● Hatta “Not etmelere doyamayın inşallah” mı dediniz, yoksa bana mı öyle geldi? Tüm bölümlere yapılan irili ufaklı tatlı göndermeleri unutmak olmaz çünkü: Defo’nun kendi kendisinin isim annesi olması, Ömer’in kendi içinde, tam olarak annesinin öğütlediği ‘adaletli, doğru, iyi’ adamı bulması; veya Sinan’ın Ömer’e “herhalde doğru karar vermişsindir, sen hep doğru karar verirsin” demesi. Keşke bazı tasarımları bazı Deniz Tranba’lara vermeden evvel de bu dediğini hatırlasaydın Sinan. ^.^
● Ve hınzır İplikçi...! Çarşamba cadısını bilinçaltından rüyalarına nasıl yerleştiriverdiğini anlamış olduk... Defne tabii ki Ömer’i hatırlamadı, ama keskin hafıza sahibi ve sadece dikkatini çekenlerle ilgilenen Ömer İplikçi üçüncü kez gördüğü bu kızıl sonyayı kollarından tutup götürürken belki de şunu söylüyordu içinden: “Fırsatlar ‘ben fırsatım’ diye bağırmaz ki... usul usul yandan geçerler, tutup çekmek senin elindedir.

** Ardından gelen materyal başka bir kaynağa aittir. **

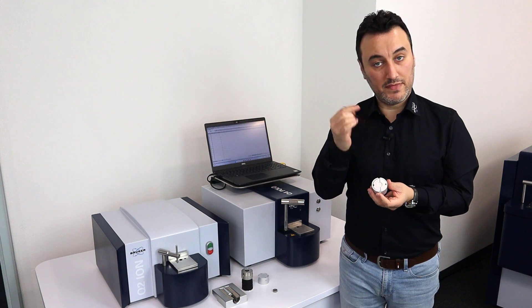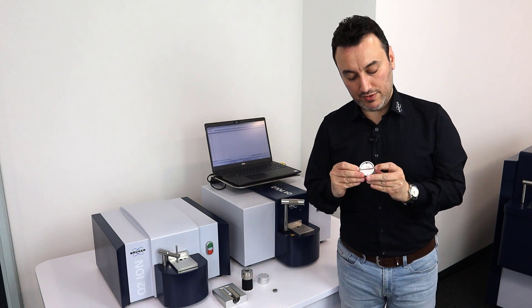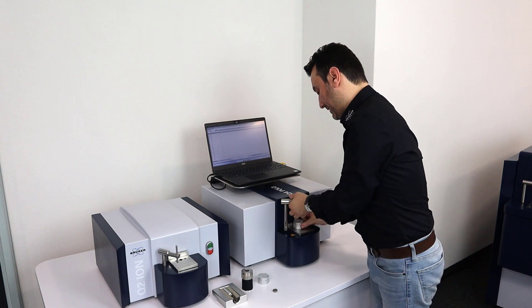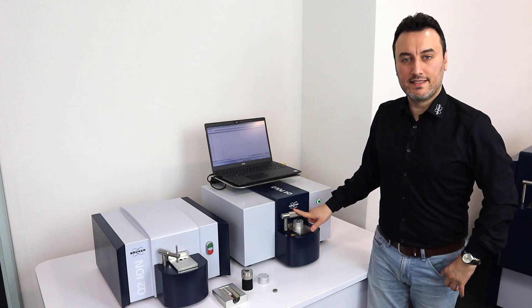The groove is for the wire. I place my wire in the groove, press it, flip it over, put it on the spark stand plate, and then place the clamp on the sample adapter. As easy as that.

Ne de olsa, fırsatın ta kendisidir kazanmak!"
Son söz...
Uzakları yakın etmeye çalışarak büyüdüm ben. Hala böyle büyüyorum. Birilerinin uzanamadığınız bir mesafede olmasının başka türlü bir hüznü olduğunu ayrı bilirim o sebeple... Bundan mütevellit, beklemediğimiz anda skype’le binlerce km ötesinden arkadaşının ekranına doluveren Mükemmel Bay İplikçi -mi desem, yoksa zaten sadece ekranda gördüğümüz ama hayatımızın içine doluveren bu karaktere can veren Yetenekli Bay Arduç mu desem, ne desem bilemedim -benim içimi bambaşka titretti. Ah be!
Hadi geri gel de, “ne planların varmış”, görelim ;)
Sağlıcakla!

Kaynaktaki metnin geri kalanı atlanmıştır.